Word for word, retype the lines from the one containing "Suzy's conductive sites" to the one containing "Then you need" below, keeping both end lines and dropping the pictures.

**Data provided**
○ ○ ○ ○ ○ ○ ○
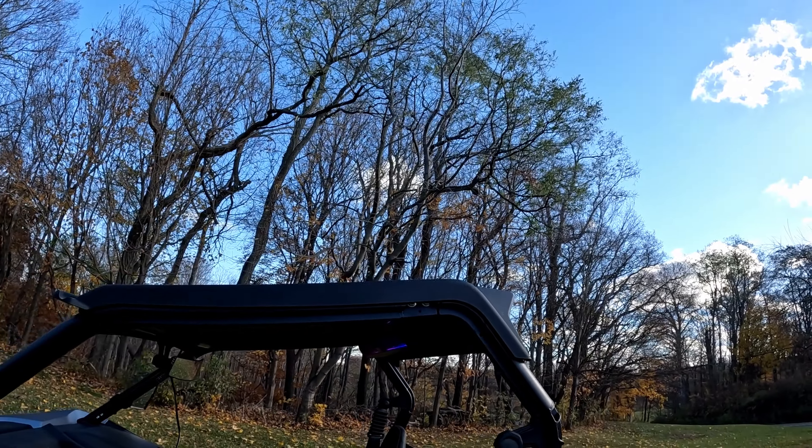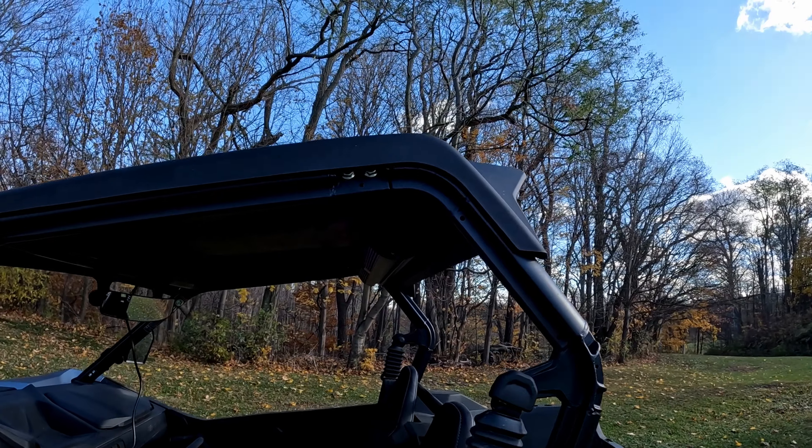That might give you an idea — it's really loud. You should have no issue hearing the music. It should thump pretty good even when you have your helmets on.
○ ○ ○ ○ ○ ○ ○
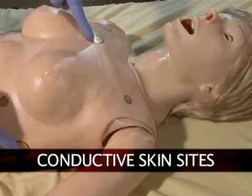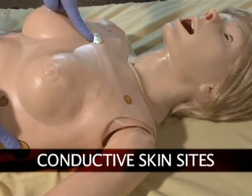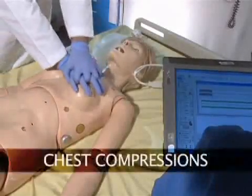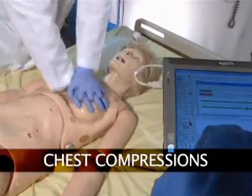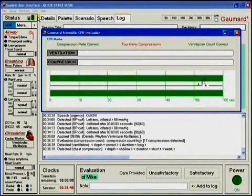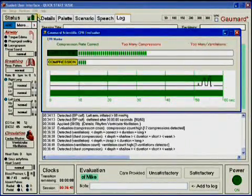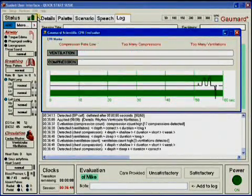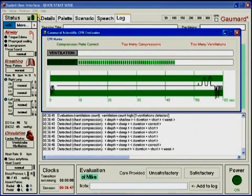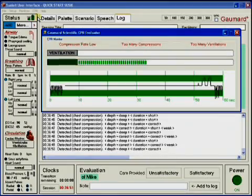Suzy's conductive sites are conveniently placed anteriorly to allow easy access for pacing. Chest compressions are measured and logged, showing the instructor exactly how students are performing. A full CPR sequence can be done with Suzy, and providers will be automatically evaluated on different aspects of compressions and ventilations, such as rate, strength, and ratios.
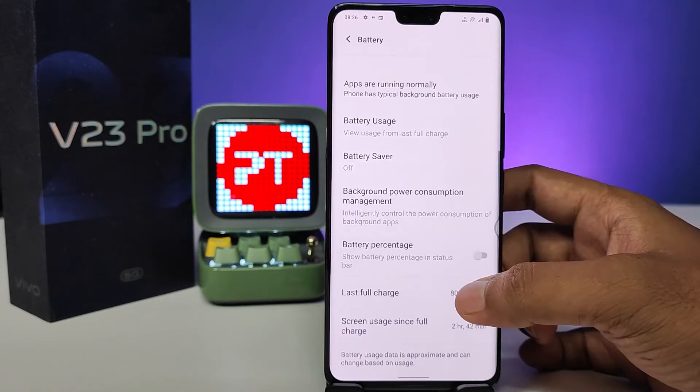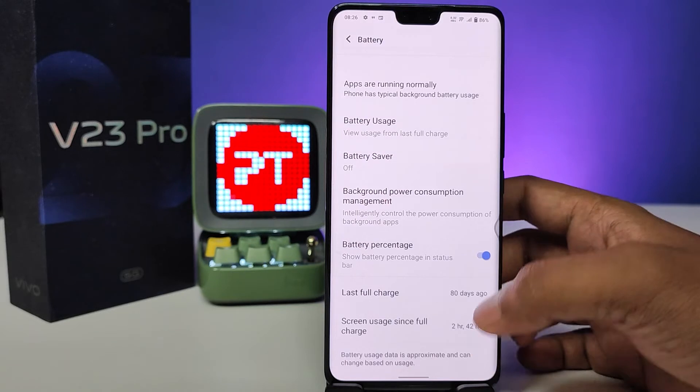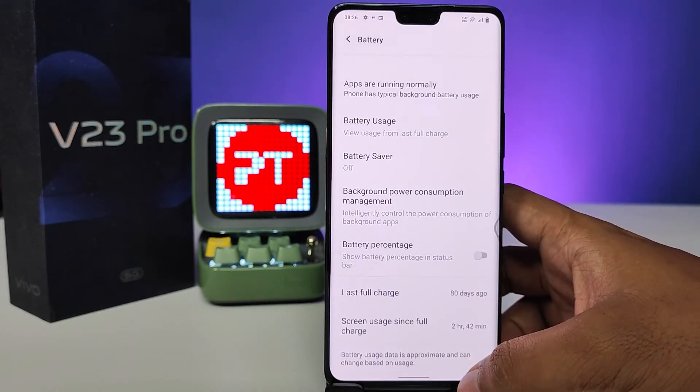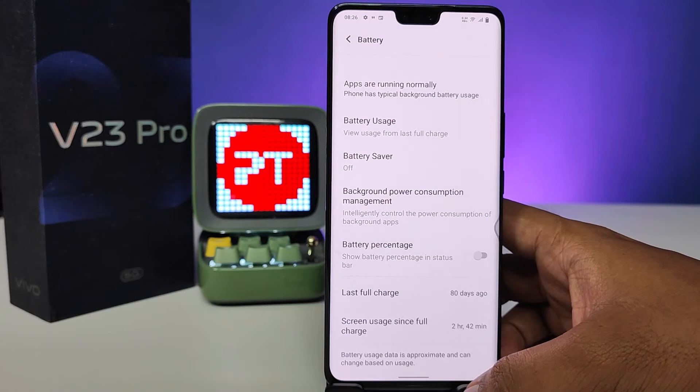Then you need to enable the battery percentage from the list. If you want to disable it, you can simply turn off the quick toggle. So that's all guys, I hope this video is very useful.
○ ○ ○ ○ ○ ○ ○
**Your response**
Suzy's conductive sites are conveniently placed anteriorly to allow easy access for pacing. Chest compressions are measured and logged, showing the instructor exactly how students are performing. A full CPR sequence can be done with Suzy, and providers will be automatically evaluated on different aspects of compressions and ventilations, such as rate, strength, and ratios.
Then you need to enable the battery percentage from the list. If you want to disable it, you can simply turn off the quick toggle. So that's all guys, I hope this video is very useful.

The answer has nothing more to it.